[Provided records]

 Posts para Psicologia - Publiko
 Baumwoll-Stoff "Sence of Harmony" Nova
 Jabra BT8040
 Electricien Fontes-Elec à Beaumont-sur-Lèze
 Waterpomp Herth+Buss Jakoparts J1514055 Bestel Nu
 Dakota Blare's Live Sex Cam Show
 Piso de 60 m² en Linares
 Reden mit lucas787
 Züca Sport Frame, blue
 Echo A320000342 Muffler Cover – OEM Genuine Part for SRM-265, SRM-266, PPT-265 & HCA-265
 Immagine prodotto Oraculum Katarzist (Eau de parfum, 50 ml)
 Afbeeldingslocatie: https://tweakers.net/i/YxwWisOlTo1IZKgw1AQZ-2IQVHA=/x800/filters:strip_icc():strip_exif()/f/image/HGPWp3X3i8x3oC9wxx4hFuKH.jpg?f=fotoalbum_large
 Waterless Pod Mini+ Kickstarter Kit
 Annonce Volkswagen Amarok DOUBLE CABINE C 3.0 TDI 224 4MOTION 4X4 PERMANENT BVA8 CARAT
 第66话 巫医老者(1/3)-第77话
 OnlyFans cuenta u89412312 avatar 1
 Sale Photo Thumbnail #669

[/Provided records]
[Provided records]

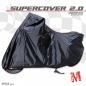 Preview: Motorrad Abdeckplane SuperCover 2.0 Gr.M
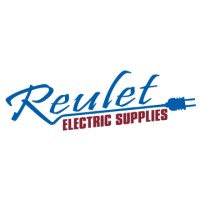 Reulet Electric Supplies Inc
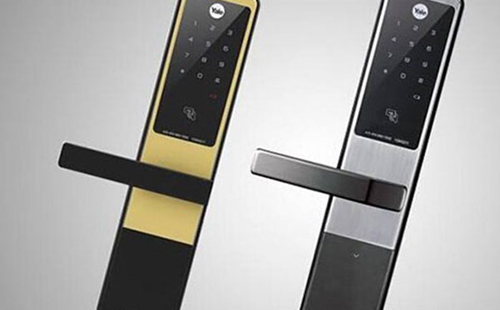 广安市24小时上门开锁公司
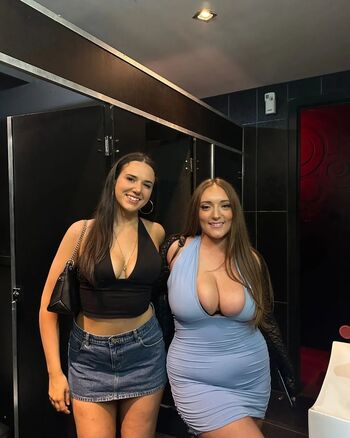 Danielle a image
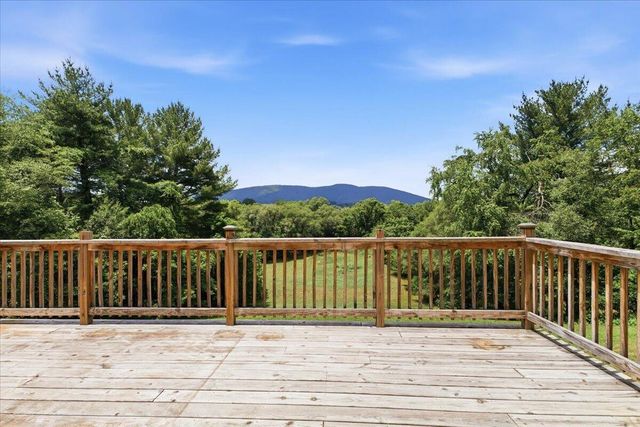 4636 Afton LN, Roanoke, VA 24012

[/Provided records]

Required action:
Give again, exactly as written above, each line from the one that has "Preview: Motorrad Abdeckplane" to the one that has "4636 Afton LN, Roanoke, VA 24012", both included; omit the pictures.

Result below:
 Preview: Motorrad Abdeckplane SuperCover 2.0 Gr.M
 Reulet Electric Supplies Inc
 广安市24小时上门开锁公司
 Danielle a image
 4636 Afton LN, Roanoke, VA 24012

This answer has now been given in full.